Transcribe every line of the material below without change, apart from dropping the pictures.

**Source information:**

--------------------

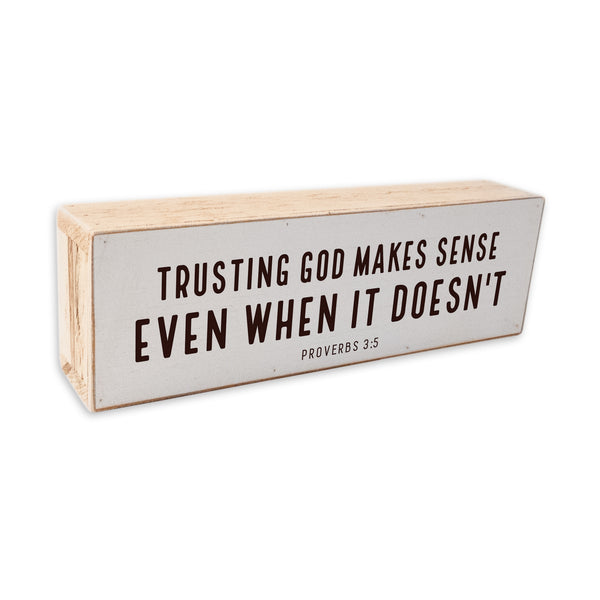Trusting God Makes Sense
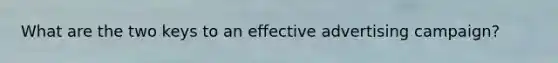 What are the two keys to an effective advertising campaign?
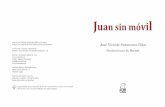 Juan sin móvil - Novela Infantil-Juveniljuansinmovil.es/wp-content/uploads/2017/01/JSM-3CAPS.pdf · suelto un «hola titas» y salgo corriendo. Como decía… Me llamo Juan y dicen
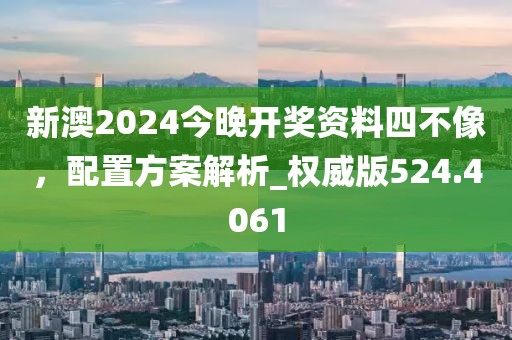 新澳2024今晚开奖资料四不像，配置方案解析_权威版524.4061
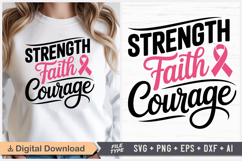 Strength Faith Courage SVG | Breast Cancer Awareness SVG Product Image 1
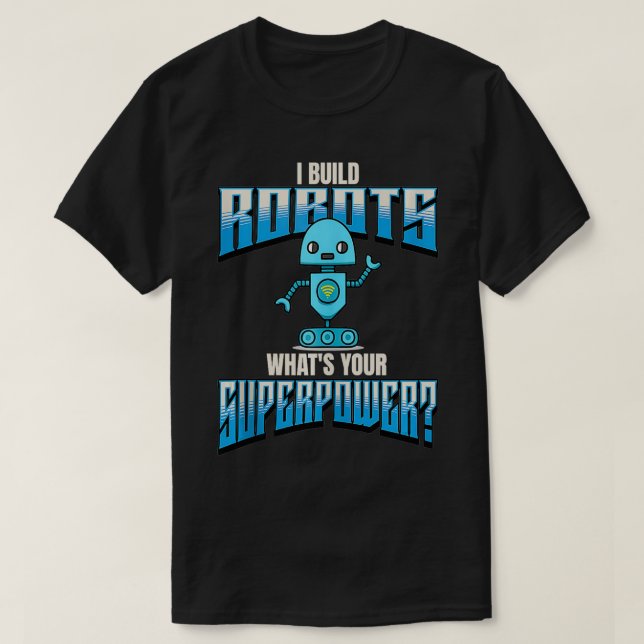 Camiseta Eu Construí Robôs Que Sua Robótica De Superpotênci (Frente do Design)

--------------------

**Solution to this problem:**
Trusting God Makes Sense
 What are the two keys to an effective advertising campaign?
 Juan sin móvil - Novela Infantil-Juveniljuansinmovil.es/wp-content/uploads/2017/01/JSM-3CAPS.pdf · suelto un «hola titas» y salgo corriendo. Como decía… Me llamo Juan y dicen
 新澳2024今晚开奖资料四不像，配置方案解析_权威版524.4061
 Strength Faith Courage SVG | Breast Cancer Awareness SVG Product Image 1
 Camiseta Eu Construí Robôs Que Sua Robótica De Superpotênci (Frente do Design)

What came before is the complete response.